Bates’s Hatch Act excuse baffled ethics experts, who said it wouldn’t apply to questions about the discovery of cocaine in the White House over the weekend. The Hatch Act "has nothing to do with the question of the discovery in the White House," former White House ethics counsel Richard Painter told the Washington Free Beacon. "It’s completely irrelevant."
In response to a Free Beacon inquiry, the White House suggested that Bates cited the Hatch Act because the reporter who asked the cocaine question at one point mentioned former president Donald Trump. The question itself did not mention Trump—the reporter asked Bates if he was "willing to say" the drugs "don't belong" to the president or Hunter Biden.
Jean-Pierre is far from the only prominent Biden administration official to flout the Hatch Act since the president took office in January 2021. Jean-Pierre's predecessor, former Biden spokeswoman and current MSNBC anchor Jen Psaki, also broke the law when she endorsed Virginia gubernatorial candidate Terry McAuliffe, a Democrat, during a press briefing. Health and Human Services secretary Xavier Becerra similarly violated the Hatch Act in April when he endorsed Sen. Alex Padilla (D., Calif.) during a Congressional Hispanic Caucus gala. Becerra praised Padilla as "my brother, my friend and senator, and someone I will be voting for in a little bit more than a month," prompting an aide to exclaim, "No, no, you can't say that."

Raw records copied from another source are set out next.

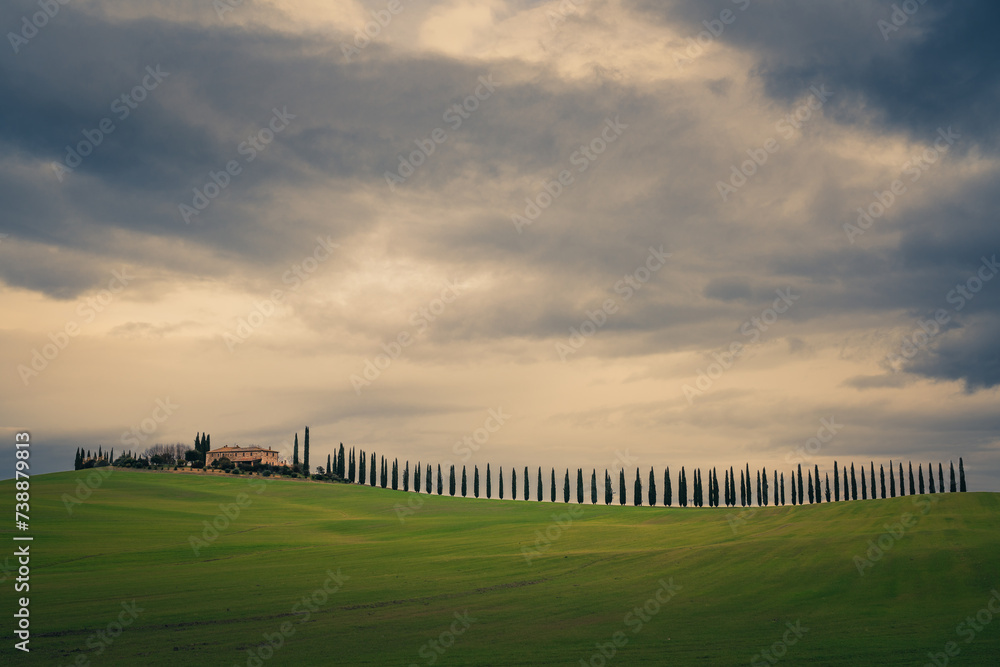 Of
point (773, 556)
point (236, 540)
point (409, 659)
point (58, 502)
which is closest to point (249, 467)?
point (58, 502)

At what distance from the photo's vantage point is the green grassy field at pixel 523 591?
27.6 m

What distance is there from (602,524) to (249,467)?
102 metres

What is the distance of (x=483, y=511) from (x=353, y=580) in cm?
6430

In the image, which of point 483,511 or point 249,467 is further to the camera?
point 249,467

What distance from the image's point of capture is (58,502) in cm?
9281

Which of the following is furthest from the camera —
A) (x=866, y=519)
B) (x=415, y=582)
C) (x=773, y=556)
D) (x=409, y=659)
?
(x=866, y=519)

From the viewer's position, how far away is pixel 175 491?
114 meters

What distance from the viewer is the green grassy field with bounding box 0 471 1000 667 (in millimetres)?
27578

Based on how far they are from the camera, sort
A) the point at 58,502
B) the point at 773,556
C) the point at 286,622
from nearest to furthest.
Answer: the point at 286,622
the point at 773,556
the point at 58,502

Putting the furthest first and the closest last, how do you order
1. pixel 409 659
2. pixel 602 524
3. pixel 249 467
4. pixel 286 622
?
1. pixel 249 467
2. pixel 602 524
3. pixel 286 622
4. pixel 409 659

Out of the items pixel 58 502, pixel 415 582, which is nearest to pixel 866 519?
pixel 415 582

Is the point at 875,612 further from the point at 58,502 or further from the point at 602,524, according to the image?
the point at 58,502

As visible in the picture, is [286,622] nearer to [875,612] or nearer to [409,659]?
[409,659]

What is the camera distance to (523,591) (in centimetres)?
4153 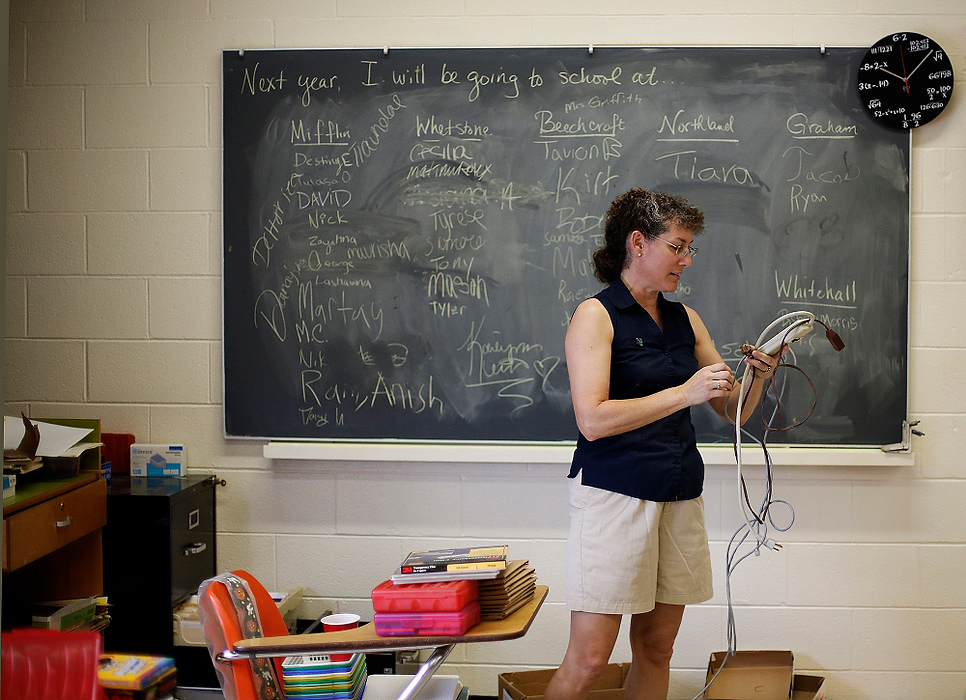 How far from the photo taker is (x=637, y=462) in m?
1.93

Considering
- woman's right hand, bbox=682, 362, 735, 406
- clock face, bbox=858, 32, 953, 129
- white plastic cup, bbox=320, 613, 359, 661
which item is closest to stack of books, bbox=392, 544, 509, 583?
white plastic cup, bbox=320, 613, 359, 661

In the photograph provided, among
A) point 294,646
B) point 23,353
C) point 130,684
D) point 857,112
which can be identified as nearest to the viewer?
point 294,646

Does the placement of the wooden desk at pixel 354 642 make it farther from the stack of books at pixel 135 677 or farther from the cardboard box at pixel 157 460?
the cardboard box at pixel 157 460

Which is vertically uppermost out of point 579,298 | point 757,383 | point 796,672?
point 579,298

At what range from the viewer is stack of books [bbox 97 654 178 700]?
212 cm

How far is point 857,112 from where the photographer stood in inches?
105

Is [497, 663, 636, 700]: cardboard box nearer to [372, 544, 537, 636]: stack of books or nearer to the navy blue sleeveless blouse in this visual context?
the navy blue sleeveless blouse

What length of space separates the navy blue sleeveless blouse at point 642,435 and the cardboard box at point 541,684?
90 centimetres

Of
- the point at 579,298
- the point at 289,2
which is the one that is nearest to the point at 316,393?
the point at 579,298

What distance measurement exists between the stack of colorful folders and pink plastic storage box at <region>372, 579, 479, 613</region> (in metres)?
0.32

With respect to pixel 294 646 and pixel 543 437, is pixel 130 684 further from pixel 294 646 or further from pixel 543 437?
pixel 543 437

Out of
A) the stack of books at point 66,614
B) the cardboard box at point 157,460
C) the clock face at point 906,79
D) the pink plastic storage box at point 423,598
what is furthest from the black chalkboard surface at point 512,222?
the pink plastic storage box at point 423,598

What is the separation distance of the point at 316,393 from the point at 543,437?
82 cm

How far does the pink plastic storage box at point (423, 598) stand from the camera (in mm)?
1455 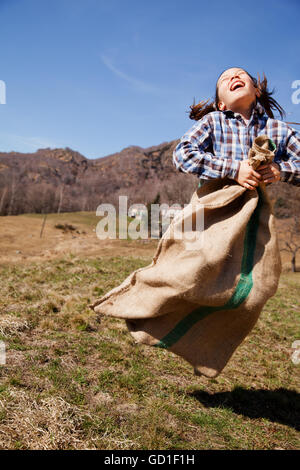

Jean-Pierre's continued use of the term "MAGA," meanwhile, came after the Office of Special Counsel warned the press secretary that doing so would be seen as "a knowing and willful violation of the law" that could result in "disciplinary action." Both Jean-Pierre and Bates went on to use the term in statements and memos. Jean-Pierre also defended the phrase, saying she merely used it "in the context of talking about [Republican] policies and talking about their values."
Former White House chief of staff Ron Klain was also found to have violated the Hatch Act last October after he retweeted a Democratic political action committee post promoting President Joe Biden and asking people to buy the group’s "Democrats Deliver" t-shirts.
"By retweeting this message, Mr. Klain used his official Twitter account to promote a partisan political group’s interests and, therefore, OSC has concluded that he violated the Hatch Act’s use of official authority prohibition," said the Office of Special Counsel in a letter to the America First Legal Foundation, which filed the complaint.
Biden administration officials have offered shifting stories about where the cocaine was initially found. The Washington, D.C., fire department on Sunday said the substance was discovered in the "library" of the executive mansion, but a Secret Service spokesman later said it was found in the West Wing. Days later, White House officials said the cocaine was actually found near the White House's West Executive entrance.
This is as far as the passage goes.